Below is pseudo-code for using glm() to fit a propensity score model using logistic regression. The first argument is the model, with the exposure on the left side and the confounders on the right. The data argument takes the data frame, and the family = binomial() argument denotes that the model should be fit using logistic regression (as opposed to a different generalized linear model, although other links are sometimes used in propensity score modeling). You’ve likely fit models like this before, but the key details are that we are predicting the probability of exposure (instead of something around the outcome; we’ll get to that!) and that the predictors are the confounders determined from the DAG. As we saw in Section 6.3.1, if we had any predictors of the outcome that weren’t related to the exposure, we’d probably want to include those, too, for precision’s sake.

glm(
  # predict the probability of treatment
  exposure ~ confounder_1 + confounder_2,
  data = df,
  # using logistic regression
  family = binomial()
)

We can extract the propensity scores by pulling out the predictions on the probability scale using predict() or fitted(). However, using the augment() function from the {broom} package, we can extract these propensity scores and add them to our original data frame in one step, so we’ll use that approach. The predictions will be on the linear logit scale by default. Setting the argument type.predict to "response" indicates that we want to extract the predicted values on the probability scale. The data argument contains the original data frame; if we leave this blank, we’ll only get back a data frame with the variables in the propensity score model. However, we need the outcome, too, so it’s handy to use the whole data frame, even though there are no new days in the data set. This code will output a new data frame consisting of all components in df with six additional columns corresponding to the logistic regression model that was fit. The .fitted column is the propensity score. A convenient detail about broom is that the columns returned from its functions are consistent across models in R, so the code in this chapter will work for many types of broom output.

glm(
  exposure ~ confounder_1 + confounder_2,
  data = df,
  family = binomial()
) |>
  # get back the original data frame with the predicted probabilities
  # in the `.fitted` column
  augment(type.predict = "response", data = df)
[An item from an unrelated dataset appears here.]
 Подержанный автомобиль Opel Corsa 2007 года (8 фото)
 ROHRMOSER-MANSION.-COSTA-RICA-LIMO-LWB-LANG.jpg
Let’s apply this recipe to our example.

We can build a propensity score model using the seven_dwarfs_train_2018 data set from the touringplans package. First, we need to subset the data to only include average wait times between 9 and 10 AM. Then, we will use the glm() function to fit the propensity score model, predicting park_extra_magic_morning using the three confounders specified above. We’ll add the propensity scores to the data frame via augment().

library(broom)
library(touringplans)

seven_dwarfs_9 <- seven_dwarfs_train_2018 |>
  filter(wait_hour == 9)

ps_mod <- glm(
  park_extra_magic_morning ~ park_ticket_season + park_close +
    park_temperature_high,
  data = seven_dwarfs_9,
  family = binomial()
)

seven_dwarfs_9_with_ps <- ps_mod |>
  augment(type.predict = "response", data = seven_dwarfs_9)

Let’s take a look at these propensity scores. Table 8.1 shows the propensity scores (in the .fitted column) for the first six days in the dataset and the values of each day’s exposure, outcome, and confounders. The propensity score here is the probability that a given date will have Extra Magic Hours in the morning, given the observed confounders, in this case, the historical high temperatures on a given date, the time the park closed, and the ticket season. For example, on January 1, there was a 30.2% chance that there would be Extra Magic Hours at the Magic Kingdom given the ticket season (peak, in this case), time of park closure (11 PM), and the historic high temperature on this date (58.6 degrees Fahrenheit). On this particular day, there were not Extra Magic Hours in the morning (as indicated by the 0 in the first row of the park_extra_magic_morning column). There was likewise a low probability (18.4%) on January 5, but this day did have Extra Magic Hours in the morning.

Code

library(gt)
seven_dwarfs_9_with_ps |>
  select(
    park_date,
    park_extra_magic_morning,
    .fitted,
    park_ticket_season,
    park_close,
    park_temperature_high
  ) |>
  head() |>
  gt() |>
  fmt_number(decimals = 3) |>
  fmt_integer(park_extra_magic_morning) |>
  cols_label(
    .fitted = "P(EMM)",
    park_date = "Date",
    park_extra_magic_morning = "Extra Magic Mornings",
    park_ticket_season = "Ticket Season",
    park_close = "Close time",
    park_temperature_high = "Historic Temp."
  )

Date	Extra Magic Mornings	P(EMM)	Ticket Season	Close time	Historic Temp.
2018-01-01	0	0.302	peak	23:00:00	58.630
2018-01-02	0	0.282	peak	24:00:00	53.650
2018-01-03	0	0.290	peak	24:00:00	51.110
2018-01-04	0	0.188	regular	24:00:00	52.660
2018-01-05	1	0.184	regular	24:00:00	54.290
2018-01-06	0	0.207	regular	23:00:00	56.250

Table 8.1: The first six observations in the seven_dwarfs_9_with_ps dataset, including their propensity scores in the .fitted column.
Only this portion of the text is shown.